[Problem] Once the line holding "Colocação de Pisos" is found in the entries below, transcribe exactly every line up to and including the one holding "Holstein® - Crankshaft Position Sensor", but leave out the pictures.

[Extracted entries]

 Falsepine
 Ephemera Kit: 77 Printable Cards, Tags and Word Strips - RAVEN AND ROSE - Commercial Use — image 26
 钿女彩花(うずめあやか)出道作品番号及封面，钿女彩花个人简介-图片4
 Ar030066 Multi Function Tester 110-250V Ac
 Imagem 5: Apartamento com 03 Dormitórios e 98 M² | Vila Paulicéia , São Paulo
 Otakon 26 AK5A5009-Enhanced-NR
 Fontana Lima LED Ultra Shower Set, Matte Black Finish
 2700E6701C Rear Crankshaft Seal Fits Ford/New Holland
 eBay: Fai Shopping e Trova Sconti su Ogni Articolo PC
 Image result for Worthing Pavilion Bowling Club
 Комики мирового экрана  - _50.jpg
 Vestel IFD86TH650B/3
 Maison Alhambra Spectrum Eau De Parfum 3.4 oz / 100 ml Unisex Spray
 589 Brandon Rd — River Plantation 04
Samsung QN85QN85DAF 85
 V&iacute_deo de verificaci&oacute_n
==
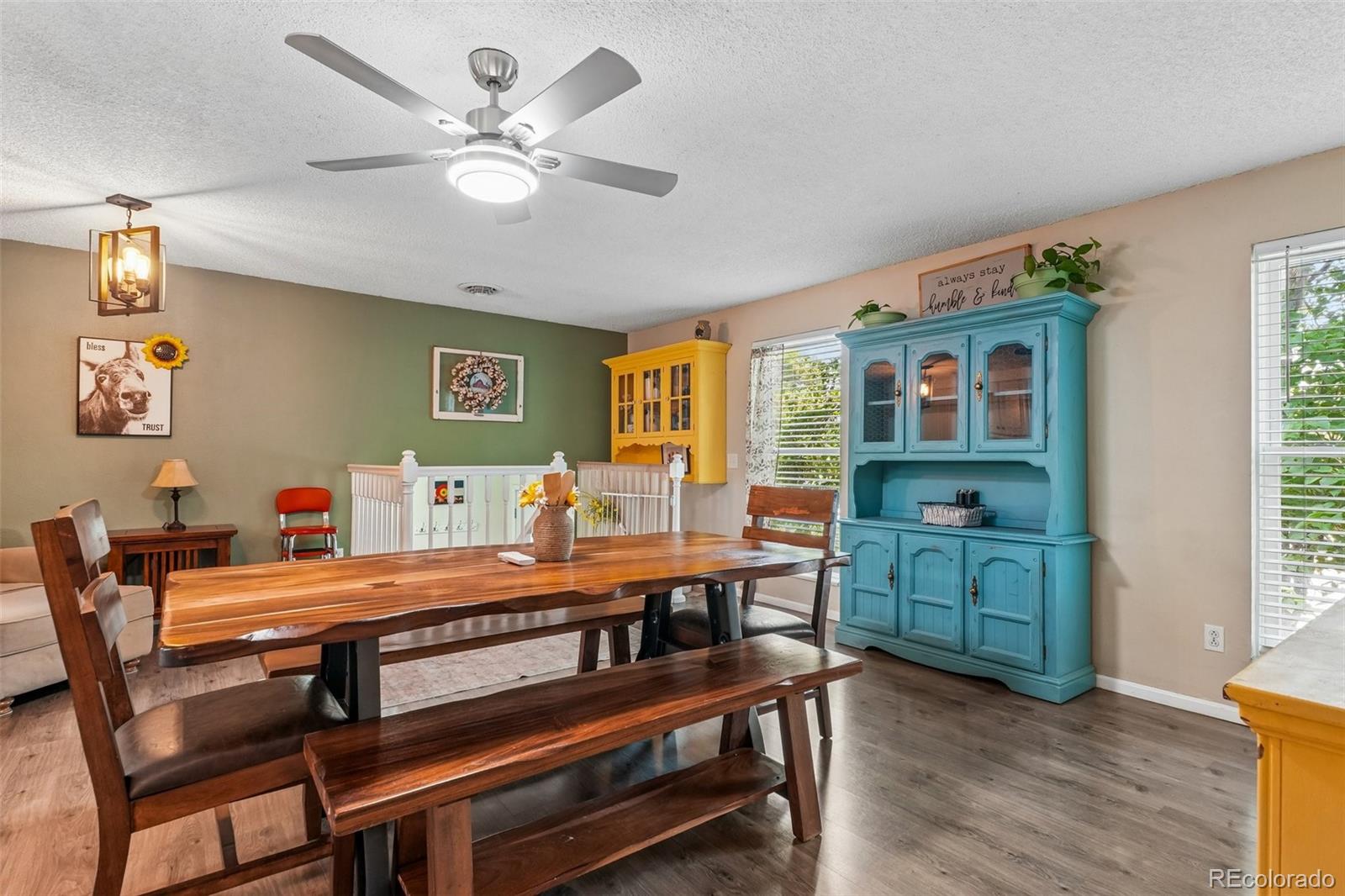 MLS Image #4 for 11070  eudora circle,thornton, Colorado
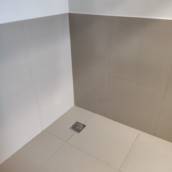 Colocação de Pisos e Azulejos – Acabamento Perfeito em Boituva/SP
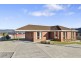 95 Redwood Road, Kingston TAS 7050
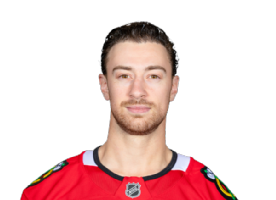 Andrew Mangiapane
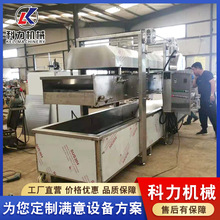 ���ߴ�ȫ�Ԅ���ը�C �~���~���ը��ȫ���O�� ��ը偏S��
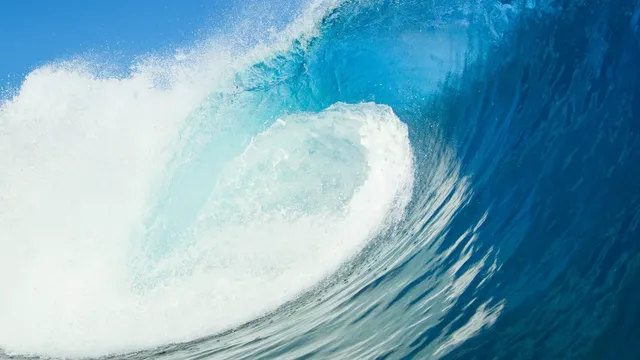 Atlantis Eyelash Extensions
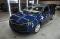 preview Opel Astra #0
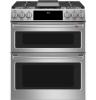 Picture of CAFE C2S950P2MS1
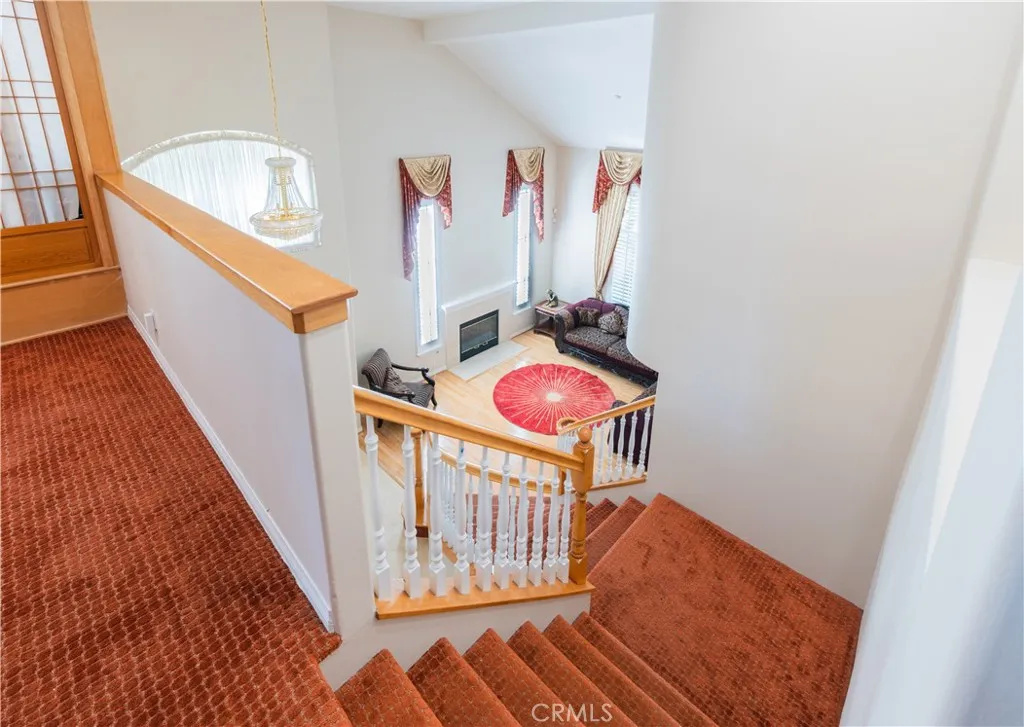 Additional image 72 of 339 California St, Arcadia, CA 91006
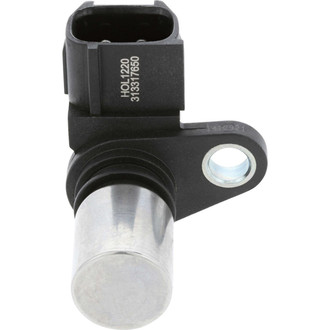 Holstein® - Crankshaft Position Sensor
==
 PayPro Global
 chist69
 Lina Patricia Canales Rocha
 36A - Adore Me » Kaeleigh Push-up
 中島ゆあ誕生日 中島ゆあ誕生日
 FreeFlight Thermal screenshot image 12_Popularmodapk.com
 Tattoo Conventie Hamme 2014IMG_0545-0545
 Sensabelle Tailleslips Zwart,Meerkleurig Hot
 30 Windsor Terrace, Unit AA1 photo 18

[Task result]
 Colocação de Pisos e Azulejos – Acabamento Perfeito em Boituva/SP
 95 Redwood Road, Kingston TAS 7050
 Andrew Mangiapane
 ���ߴ�ȫ�Ԅ���ը�C �~���~���ը��ȫ���O�� ��ը偏S��
 Atlantis Eyelash Extensions
 preview Opel Astra #0
 Picture of CAFE C2S950P2MS1
 Additional image 72 of 339 California St, Arcadia, CA 91006
 Holstein® - Crankshaft Position Sensor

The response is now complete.